Odds and Ends.

Vincent Browne in the Irish Times makes a fair point about the “Agghh! Senior Counsel! Run away!” approach to banning political donations here. If we can’t ban political donations outright, then why not make them so prohibitively expensive to receive that politicians will have no choice but to turn them down. If a candidate or party has to pay a 1000% tax on every donation received, surely that’ll kill the thing stone dead. After all, the one thing the Irish state has proven itself well capable of is taxing people.


In a discussion recently with a Fianna Failer about gender balance in politics, it got me thinking about the amount of guff spoken on the subject. I’m not sure it’s a huge issue to the women of my generation, or at least, they won’t admit that it is. Certainly, quotas for women seems to have few supporters, which is fair enough. But what annoys me is the fact that the same people who oppose quotas for men and women still want to be part of the “This is a problem, something must be done” brigade. They want the kudos of being seen to be concerned about the issue, but instead want to get into the same discussion we’ve been having for the last 20 years about changing the culture to “encourage” more women, etc, that is, talking about it without ever fixing it. The reality is that quotas for men and women would solve the problem in a single election. As for the argument that is made, that it will bring in “token” untalented women, ask them to publicly name the token untalented women in their party who would fill the quotas. Bet they can’t.


Finally, hat tip to Nicholas White on this extraordinary story about same-sex marriage in the US. And a bizarre one about interracial marriage in The Economist.   

3 thoughts on “Odds and Ends.

  1. I actually found Brown’s article insulting especially his statement ‘The only reason anyone would give money to a political party is because they expect to get something in return’ I and many others have given money to a political party and expected nothing in return. Banning donations will mean that the public will pay the price, will they really accept doing that? I also really think it will suit the status quo, How would a new party ever get off the ground? Solutions the only way is to publish the nanames at least you know who is giving and if the recieve anything in return.

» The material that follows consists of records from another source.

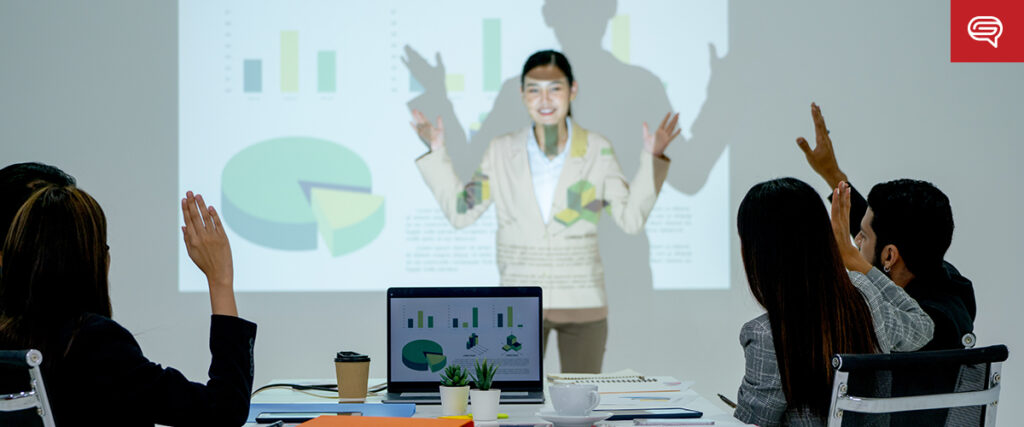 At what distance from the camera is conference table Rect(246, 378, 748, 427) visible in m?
1.88

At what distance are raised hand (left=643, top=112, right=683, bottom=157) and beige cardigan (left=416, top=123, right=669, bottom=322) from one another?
0.04 m

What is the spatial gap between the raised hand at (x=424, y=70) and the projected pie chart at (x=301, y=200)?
0.47 metres

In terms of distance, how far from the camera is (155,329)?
426 centimetres

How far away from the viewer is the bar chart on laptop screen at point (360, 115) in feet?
13.6

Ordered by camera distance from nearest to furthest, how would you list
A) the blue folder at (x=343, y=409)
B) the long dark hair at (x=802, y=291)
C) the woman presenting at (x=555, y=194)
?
1. the long dark hair at (x=802, y=291)
2. the blue folder at (x=343, y=409)
3. the woman presenting at (x=555, y=194)

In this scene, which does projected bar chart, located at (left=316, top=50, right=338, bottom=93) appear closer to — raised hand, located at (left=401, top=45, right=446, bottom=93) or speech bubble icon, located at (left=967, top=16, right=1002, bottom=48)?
raised hand, located at (left=401, top=45, right=446, bottom=93)

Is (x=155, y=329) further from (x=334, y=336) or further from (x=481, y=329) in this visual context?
(x=481, y=329)

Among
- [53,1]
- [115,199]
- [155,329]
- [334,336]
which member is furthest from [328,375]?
[53,1]

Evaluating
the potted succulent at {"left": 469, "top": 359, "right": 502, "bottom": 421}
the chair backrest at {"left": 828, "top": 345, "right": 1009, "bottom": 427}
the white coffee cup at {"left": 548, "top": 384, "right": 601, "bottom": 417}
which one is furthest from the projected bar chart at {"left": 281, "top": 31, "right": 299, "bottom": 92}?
the chair backrest at {"left": 828, "top": 345, "right": 1009, "bottom": 427}

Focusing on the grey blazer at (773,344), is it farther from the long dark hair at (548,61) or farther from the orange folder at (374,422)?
the long dark hair at (548,61)

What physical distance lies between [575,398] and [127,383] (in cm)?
83

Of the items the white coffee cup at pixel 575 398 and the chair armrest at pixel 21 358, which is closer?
the chair armrest at pixel 21 358

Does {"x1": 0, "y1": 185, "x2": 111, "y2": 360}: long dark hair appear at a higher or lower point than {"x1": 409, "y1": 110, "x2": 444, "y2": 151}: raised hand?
lower

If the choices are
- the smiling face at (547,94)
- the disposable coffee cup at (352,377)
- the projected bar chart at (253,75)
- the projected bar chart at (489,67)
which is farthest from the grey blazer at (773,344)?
the projected bar chart at (253,75) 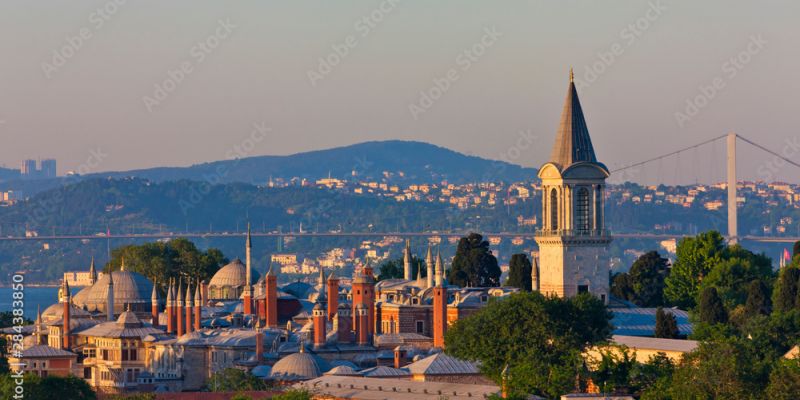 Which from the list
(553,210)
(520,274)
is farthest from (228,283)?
(553,210)

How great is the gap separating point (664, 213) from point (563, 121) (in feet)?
410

  2. You make a fair point. What I object to is politicians who claim that the lack of women is an issue, but don’t want to do anything real about it, just get the votes of people who also think it is an issue. I’m not sure if it is an issue: I’m just saying that quotas are the single most effective way of resolving it, if that is what we want to do.

  3. Quotas are incompatable with democracy. In democracy we vote for who we like. If you want quotas then you get a social scientist to work out a representative group and appoint them. I think orthodox Catholics are completly under represented in the Dail. If you look at the way referendums go you will note that anti-EU sentiment is not adequately represented. Tough, that’s the way representative democracy works. If women want to be elected they need to stand and persuade people to vote for them. It’s fairly simple. I had to laugh when Pat Kenny asked a woman for an example of a country where quotas worked – Rwanda she said. We’re holding up Rwanda as example of best practice.